Contextualized Dynamic Meta-Embeddings

Updated 19 May 2026

The paper introduces CDME as an unsupervised framework that combines multiple contextualized language models into a unified sentence embedding.
It projects source token embeddings into a common meta-space and applies dynamic token-level attention to weight contributions based on context.
Empirical results show that CDME outperforms traditional unsupervised methods and competes with supervised approaches on semantic similarity tasks.

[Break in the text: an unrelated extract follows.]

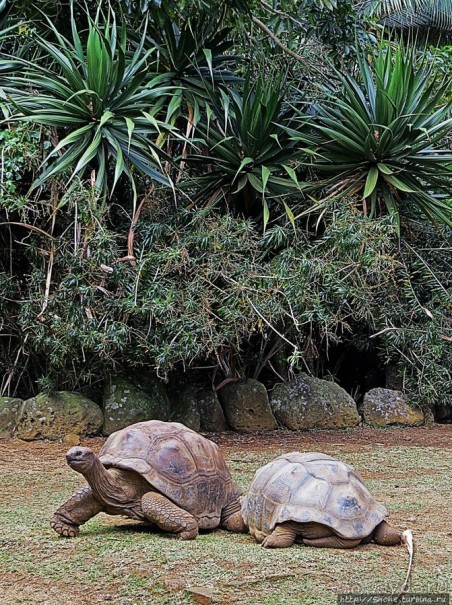Альбом позитивного настроения, или каковы черепахи на ощупь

Contextualized Dynamic Meta-Embeddings (CDME) are a framework for producing sentence-level representations by combining multiple independently trained contextualized LLMs into a unified meta-embedding. CDME is designed to maximize the complementary strengths of source models, accommodate differences in dimensionality, and remain fully unsupervised and task-agnostic. The architecture operates at the token level by projecting source embeddings into a shared meta-space, weighting their contributions via learnable attention, and producing the sentence-level vector through pooling. Empirical evaluation on semantic textual similarity (STS) benchmarks demonstrates that CDME achieves superior performance compared to both unsupervised and some supervised baselines, without reliance on labeled data (Takahashi et al., 2022).

1. Motivation and Design Rationale

Conventional static meta-embedding methods, designed for non-contextual vectors, are ill-suited to contextualized LLMs (NLMs) such as BERT, RoBERTa, and ELMo due to three factors:

Context dependence: Token vectors from NLMs vary with sentential context.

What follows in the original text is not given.